Harmony Korine's Spring Breakers falls very much in that B-movie tradition, though the balance between commentary and titillation is geared more towards the latter than the former. On the surface, it looks like a "Girls Gone Wild" video, one with a fairly weak crime plot used as the framework to justify the boozy debauchery and often lecherous camerawork. The film begins with four college students (played by Selena Gomez, Vanessa Hudgens, Ashley Benson and Rachel Korine) preparing to head down to St. Petersburg, Florida to partake in the annual bacchanal of Spring Break. Unfortunately, they don't have nearly enough money to get there and actually do anything. Necessity is the mother of invention, though, and the girls decide to rob a restaurant as a way of bolstering their flagging funds. This serves as their baptism into criminality, one that soon sees them graduate to bigger jobs once they get to Florida.
While Spring Breakers is undeniably sleazy and luxuriates in its milieu of young people drinking, doing drugs and not wearing very much, there is a satirical point underpinning it all, albeit one that is as bleary-eyed as most of its characters.
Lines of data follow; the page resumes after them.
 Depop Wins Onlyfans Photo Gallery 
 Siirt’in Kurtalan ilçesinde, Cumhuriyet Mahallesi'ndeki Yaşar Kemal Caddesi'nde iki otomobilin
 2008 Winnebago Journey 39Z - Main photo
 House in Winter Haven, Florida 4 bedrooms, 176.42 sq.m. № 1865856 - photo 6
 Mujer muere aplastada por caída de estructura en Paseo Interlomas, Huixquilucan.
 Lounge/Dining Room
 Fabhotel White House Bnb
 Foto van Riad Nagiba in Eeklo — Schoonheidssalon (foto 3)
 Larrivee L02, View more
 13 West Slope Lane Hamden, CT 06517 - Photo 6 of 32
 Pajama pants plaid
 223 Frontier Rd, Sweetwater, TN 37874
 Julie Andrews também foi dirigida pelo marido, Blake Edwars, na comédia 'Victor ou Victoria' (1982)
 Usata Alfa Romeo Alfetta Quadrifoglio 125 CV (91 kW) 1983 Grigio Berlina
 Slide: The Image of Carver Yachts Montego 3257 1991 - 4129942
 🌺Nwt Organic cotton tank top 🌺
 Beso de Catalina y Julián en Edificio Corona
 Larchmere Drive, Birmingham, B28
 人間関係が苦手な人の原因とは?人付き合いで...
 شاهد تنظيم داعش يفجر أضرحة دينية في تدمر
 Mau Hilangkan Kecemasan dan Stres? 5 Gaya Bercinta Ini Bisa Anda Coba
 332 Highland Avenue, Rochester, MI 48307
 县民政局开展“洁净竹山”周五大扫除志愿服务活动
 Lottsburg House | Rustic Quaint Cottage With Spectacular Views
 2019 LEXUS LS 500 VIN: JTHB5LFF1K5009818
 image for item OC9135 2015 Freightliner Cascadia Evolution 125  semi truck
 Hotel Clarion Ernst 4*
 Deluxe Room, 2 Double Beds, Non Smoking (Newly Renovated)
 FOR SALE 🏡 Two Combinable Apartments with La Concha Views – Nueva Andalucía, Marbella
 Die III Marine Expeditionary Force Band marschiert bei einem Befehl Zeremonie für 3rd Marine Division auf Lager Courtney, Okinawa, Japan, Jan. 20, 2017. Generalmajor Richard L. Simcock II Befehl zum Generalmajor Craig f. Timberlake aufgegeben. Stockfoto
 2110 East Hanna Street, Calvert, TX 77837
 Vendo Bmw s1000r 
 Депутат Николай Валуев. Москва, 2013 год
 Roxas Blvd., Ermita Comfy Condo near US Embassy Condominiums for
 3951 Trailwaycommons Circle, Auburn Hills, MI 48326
Though the scenes of the girls partying with hundreds of like-minded inebriates have a hazy, pounding rhythm to them, helped in no small part by the dubstep heavy soundtrack, they also come across as empty, fleeting experiences that will come to a crashing end when they have to return to the real world. Faith (Gomez) repeatedly calls her grandmother to tell her what a good time she is having, describing Spring Break as an idyll, as something not quite real. While The parties are depicted with a lascivious glee, the scenes in between are often quiet and, particularly in the second half of the film, strangely melancholic. While both the characters and the film acknowledge the fun of drinking and doing stupid things when you're young and stupid, there's also a keen sense of its impermanence.
This sadder tone begins to define the film more and more as it goes along, and particularly after the girls wind up getting arrested for drug possession. Unable to pay their bail, they are saved by Alien (James Franco), a local rapper and minor league drug dealer who finds the sociopathic resolve of the girls beguiling. After taking them back to his large beachfront home and showing off his possessions, or, to use Alien's own words and inflection, to make them look at all his "sheeeyit", he asks them to work for him as a way of paying off their debt. (Most of these robberies are shown during a haunting montage set to Britney Spears' 'Everytime', which marks the point at which the film wholly embraces its sadness, making even a supposedly cathartic final shootout seem less like a thrilling climax than a downbeat denouement.)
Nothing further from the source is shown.